Aus Anlaß des Lehrgangs in C begehrten die Kläger, Fahrtkosten für 16 Heimfahrten mit (16 x 260 x 2 x 0,36 DM *= 2 995,20 DM abzüglich Erstattung 245,20 DM *=) 2 750 DM und Verpflegungsmehraufwand für die Dienstantrittsreise in Höhe von 31 DM als Werbungskosten abzuziehen. Hiervon ließ das FA nur (16 x 260 x 0,36 DM *= 1 497,60 DM ./. 245,20 DM *=) 1 252,40 DM als Werbungskosten zu.

Die nach erfolglosem Einspruch eingelegte Klage, mit der die Kläger die Berücksichtigung weiterer Werbungskosten in Höhe von 1 627 DM beantragt hatten, wies das Finanzgericht (FG) ab. Es führte aus, die Fahrten des Klägers an das Hauptzollamt B seien keine Dienstreisen gewesen, weil sich dort seine regelmäßige Arbeitsstätte befunden habe. Es habe sich auch nicht um Fahrten zu ständig wechselnden Einsatzstellen gehandelt, da die Tätigkeiten an immer anderen Einsatzstellen für einen Zollbeamten (anders als z.B. für einen Monteur) nicht berufstypisch seien, sondern nur in Ausnahmefällen vorkämen, wie etwa dem vorliegenden und nur für eine begrenzte Zeit. Die 16 Fahrten zwischen dem Wohnort des Klägers und C seien Familienheimfahrten i.S. von § 9 Abs.1 Nr.5 des Einkommensteuergesetzes (EStG) gewesen, weil sich während der Abordnungszeit die regelmäßige, wenn auch befristete Arbeitsstätte des Klägers in C befunden habe. Der Pauschbetrag für Verpflegungsmehraufwendungen für den 27.August 1979 stehe dem Kläger jedenfalls nicht in voller Höhe zu, da ihm im Bildungszentrum C unentgeltliche Verpflegung gewährt worden sei und er dort zumindest das Abendessen habe einnehmen können.
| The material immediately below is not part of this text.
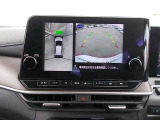 【アラウンドビューモニター】まるで車を空から見たような映像が映るので車両周辺の安全確認も一目でできます!小さなお子様や障害物も確認できるので、運転のし易さだけではなく事故防止にも役立ちます♪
Bei einer dementsprechenden Kürzung des Pauschbetrages um 30 v.H. wirke sich der verbleibende Betrag von 25 DM wegen des Tabellensprungs nicht aus.

Mit der Revision rügen die Kläger die Verletzung von § 9 Abs.1 Satz 1 und 3 Nr.4 EStG.
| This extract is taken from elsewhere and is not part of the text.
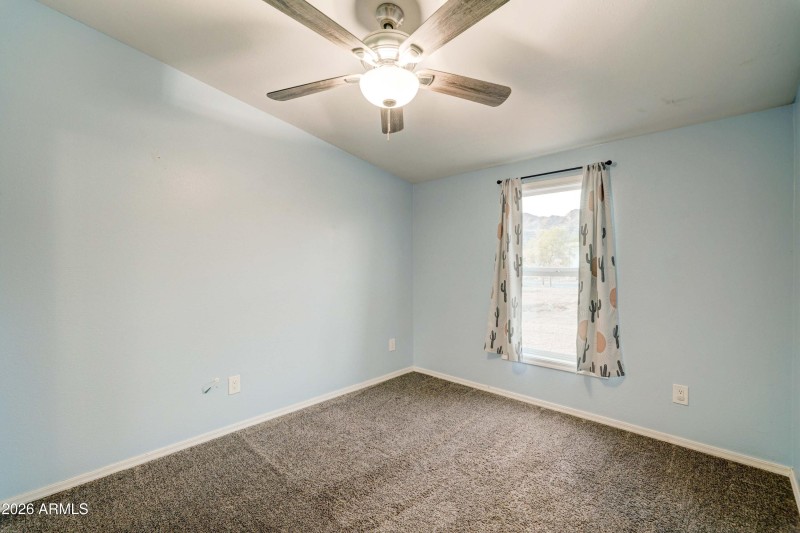 649 W Kaniksu Street-20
Sie tragen vor, im August 1979 sei noch das Hauptzollamt A die regelmäßige Arbeitsstätte gewesen, weshalb die Fahrten nach B als Dienstreisen zu beurteilen seien. Die Annahme einer regelmäßigen Arbeitsstätte setze voraus, daß der Arbeitnehmer dort auch eine gewisse Zeit tätig werde. Dem Zeitmoment sei wesentliche Bedeutung beizumessen (Urteil des Bundesfinanzhofs --BFH-- vom 8.Juli 1983 VI R 156/79, BFHE 139, 67, BStBl II 1983, 679). Er, der Kläger, sei im August 1979 nur an sechs Tagen in B tätig gewesen. Auch unter Einbeziehung der Urlaubsabwesenheit ergebe sich erst eine Aufenthaltsdauer von einem Monat. Das reiche zur Begründung einer regelmäßigen Arbeitsstätte nicht aus. Dabei sei zu berücksichtigen, daß die Abordnung nur zu Ausbildungszwecken angeordnet worden sei und nach Beendigung der Ausbildung eine Rückkehr an das Hauptzollamt A habe erfolgen sollen.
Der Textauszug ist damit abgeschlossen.